In what seemed like an endless drizzly, damp Spring I had forgotten how wonderful a London summer can be! But this weekend was the perfect reminder.
After eating lunch al fresco at my favourite Italian restaurant in Notting Hill, my boyfriend and I wandered up to Kensington Gardens and had an ice-cream and read our books, lying on the grass. When the sun started to sink a little in the sky we headed to the Serpentine Gallery for a quick look at the Wolfgang Tillmans photographs currently on show. I think photography, and arty photography at that, has become so democratised, that the bar is now so much higher for professional photographers- we’re so much less easily impressed, we expect so much more… and I have to admit that on the whole I wasn’t that excited by his work.

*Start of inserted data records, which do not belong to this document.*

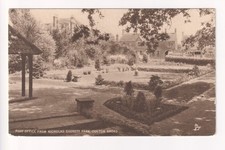 Oulton Broad - Post Office from Nicholas Everett Park - old Tuck postcard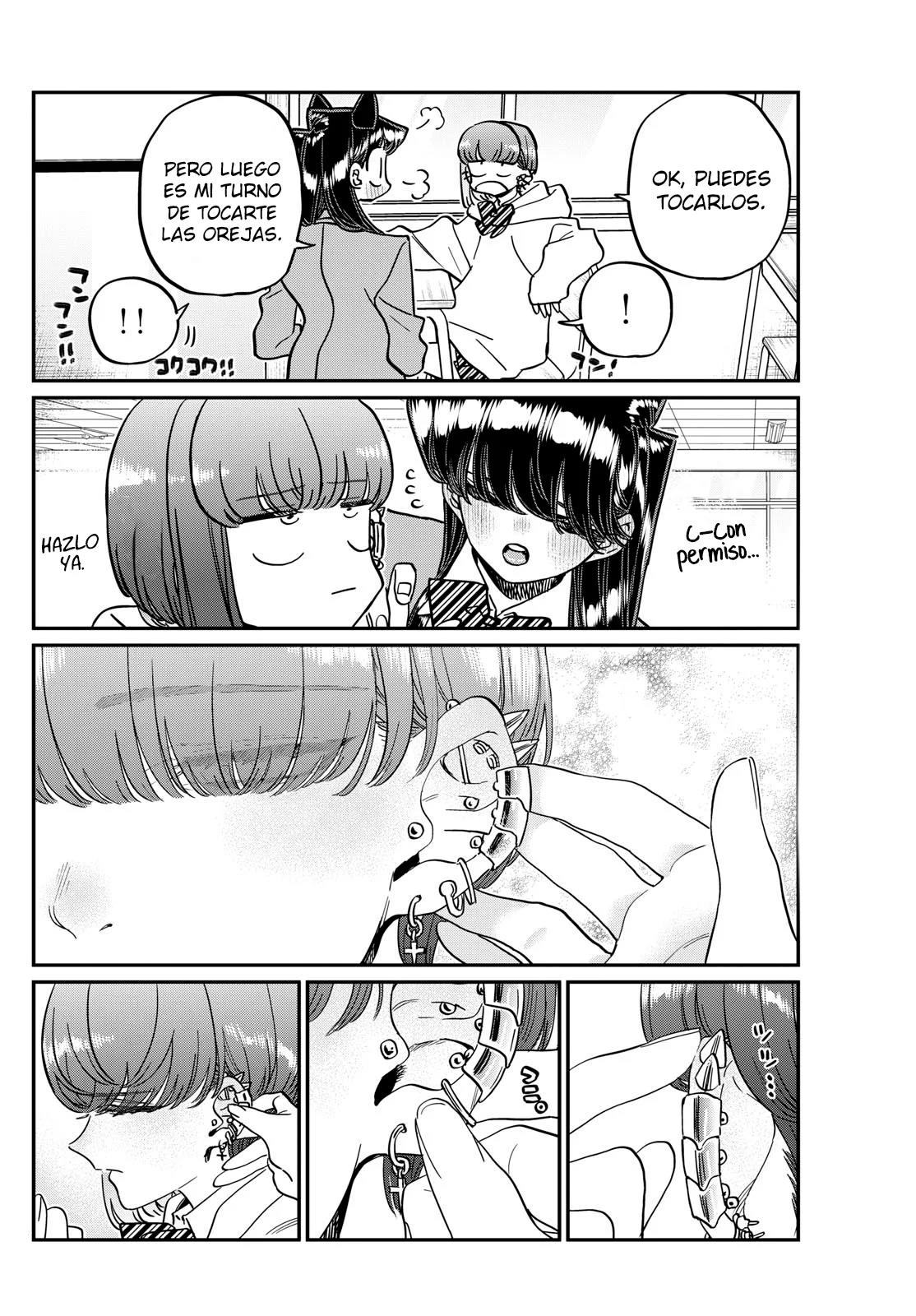 Read Komi-san wa, Comyushou desu. ES Manga Online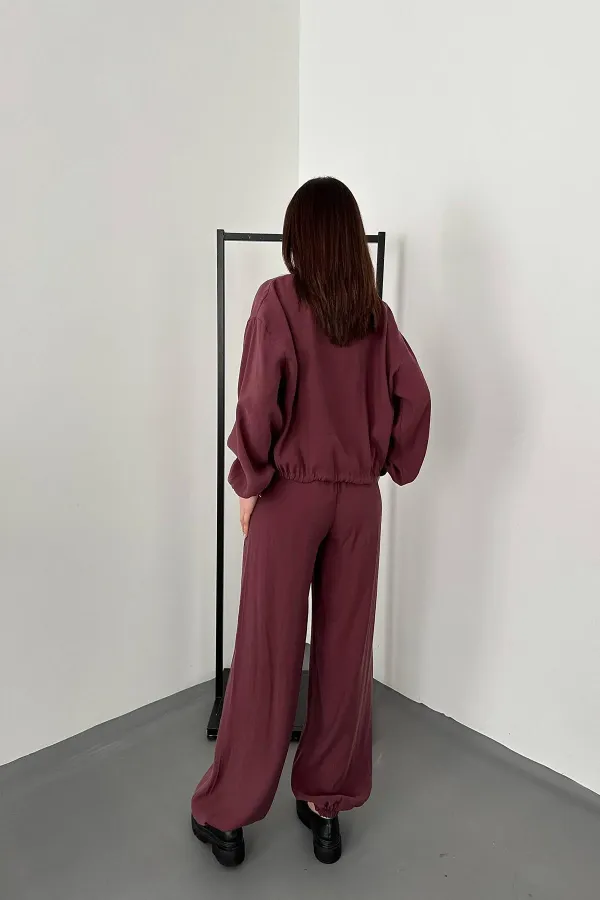 Toptan Mürdüm İkili Modal Takım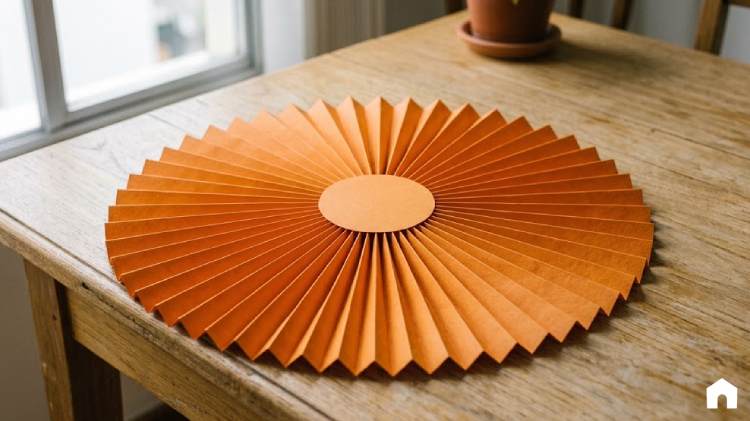 Como fazer Decoração de Halloween com Papel Sanfonado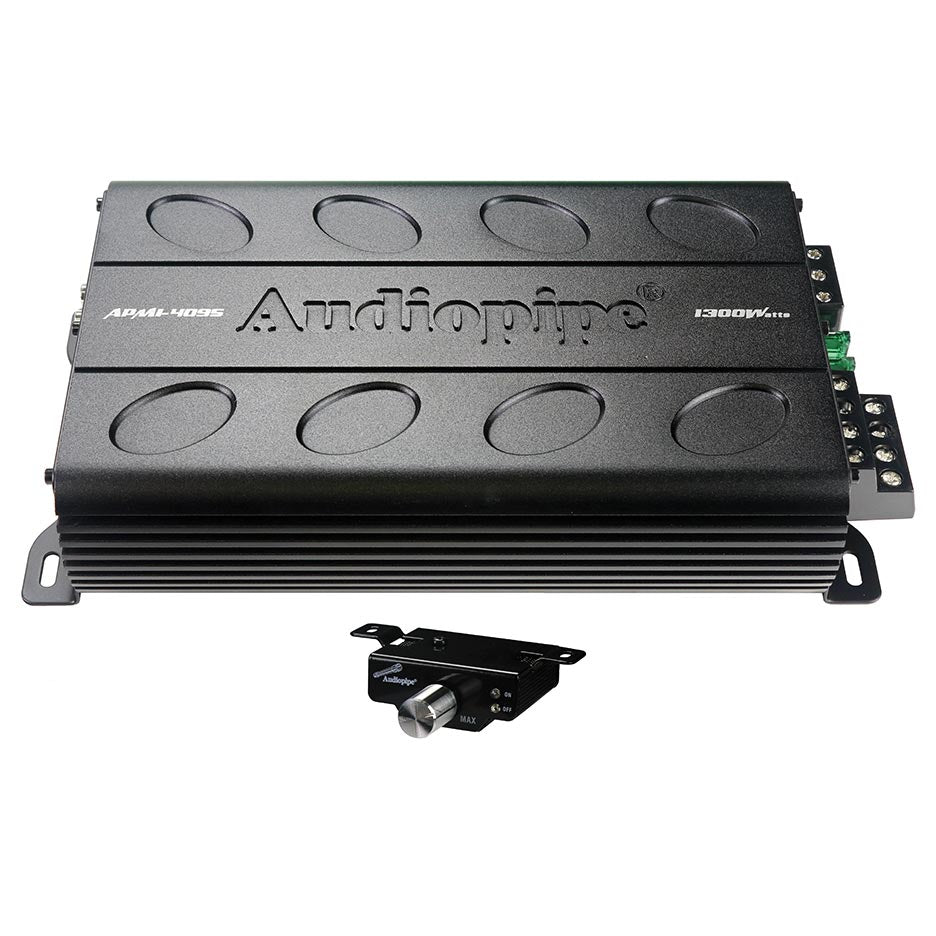 Audiopipe APMI4095 Mini Amplifier 4 Channel 1300 Watts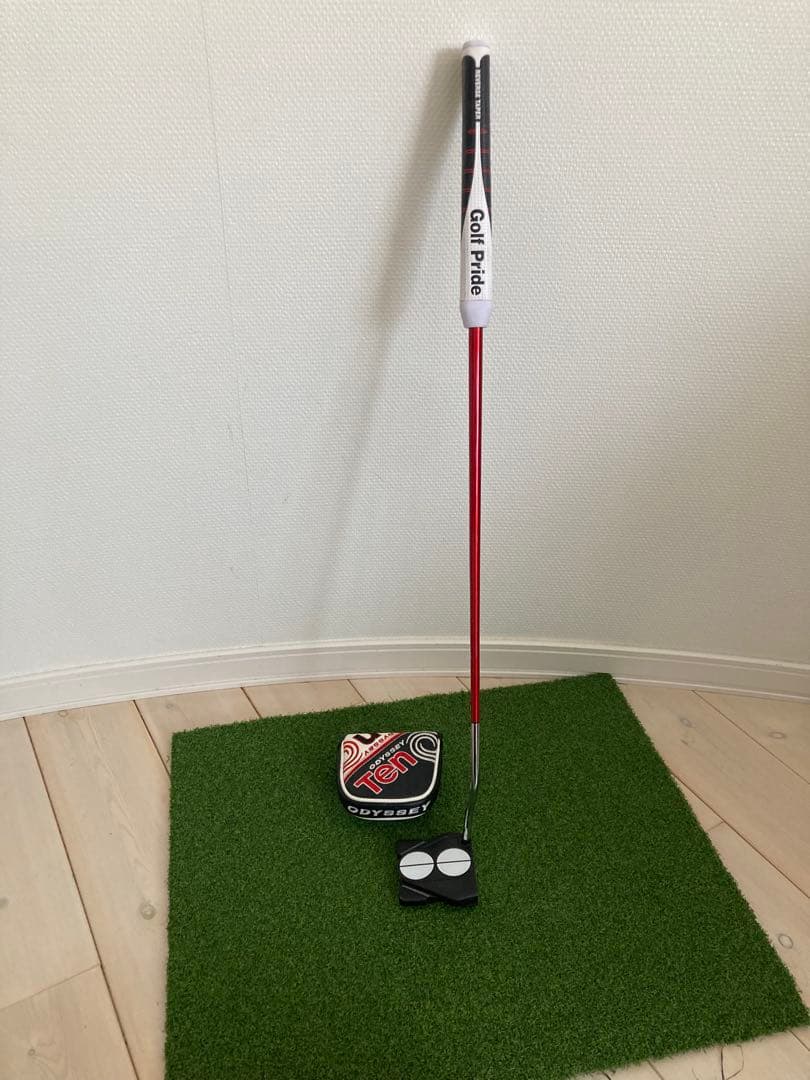 ODYSSEY 2-ball Ten パター ヘッドカバー付き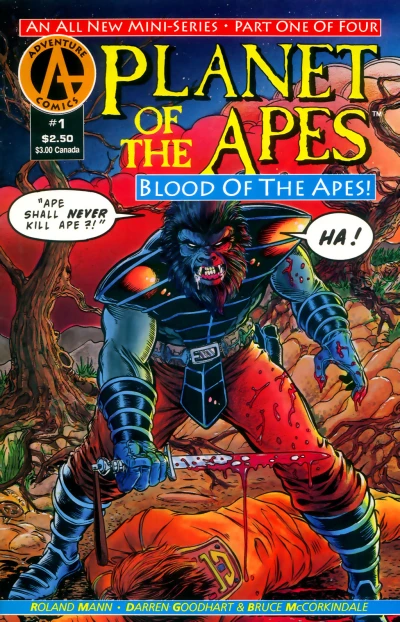 Planet of the Apes: Blood of the Apes (1991) - Series 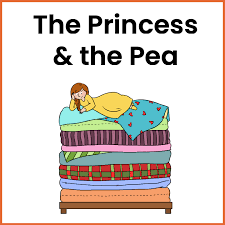 There, that is a true story. Versions Of The Princess And The Pea The Measured Mom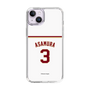 スリムプロテクションケース［ 楽天イーグルス - #3 Asamura - ホーム ］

The exception was this beautiful, aqueous abstract print, which stretched in a dream-like expanse across one of the gallery walls:
However, the real highlight of my day was yet to come! Since the tradition began in 2000, every year a pavilion designed by the likes of Zaha Hadid and Frank Gehry has seemingly magically appeared in front of the Serpentine Gallery.
This year the pavilion has been designed by the French architect Jean Nouvel and we have all been teased with computer generated images like this:
But when I walked past yesterday I was delighted to watch the nuts and bolts of its physical construction underway. I suppose that’s partly what I find so compelling about architecture- the combination of dreamy artistic vision and the matter of fact engineering of the physical structure itself. Watching the pavilion being put together was strangely entrancing. This year I will look at it in a new way…
The pavilion opens on the 10th of July.